# TASK TO CARRY OUT
As the answer, set down the lines below from the one containing "NEW 1991 SET" through the one containing "Men's blue, burgundy", exactly and inclusively, and no others.

# RECORDS
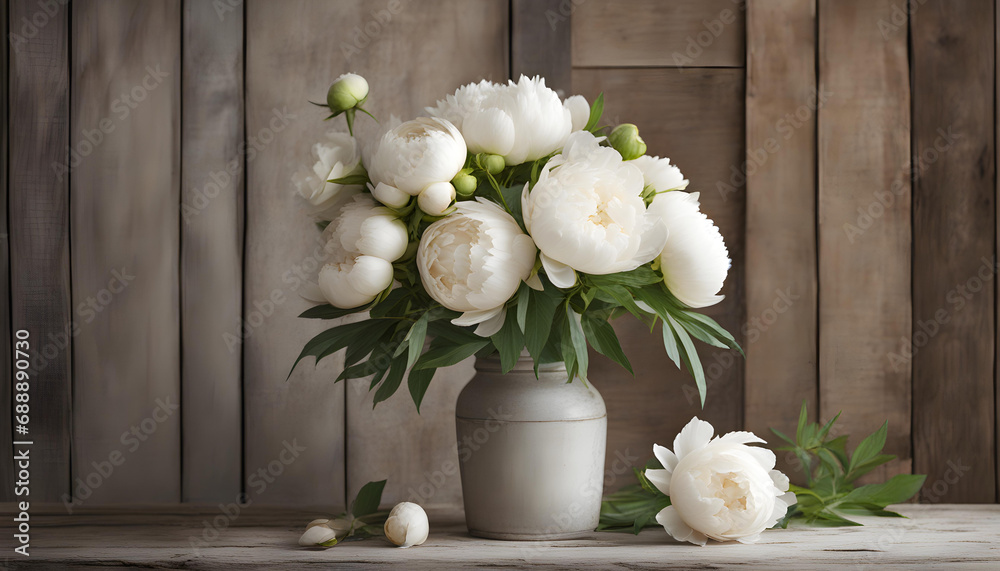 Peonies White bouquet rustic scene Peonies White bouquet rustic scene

==

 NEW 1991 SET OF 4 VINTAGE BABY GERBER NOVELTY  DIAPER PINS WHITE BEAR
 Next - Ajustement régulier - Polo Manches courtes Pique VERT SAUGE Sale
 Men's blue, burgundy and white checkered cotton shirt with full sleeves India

# RESULT FOR THIS EXERCISE
 NEW 1991 SET OF 4 VINTAGE BABY GERBER NOVELTY  DIAPER PINS WHITE BEAR
 Next - Ajustement régulier - Polo Manches courtes Pique VERT SAUGE Sale
 Men's blue, burgundy and white checkered cotton shirt with full sleeves India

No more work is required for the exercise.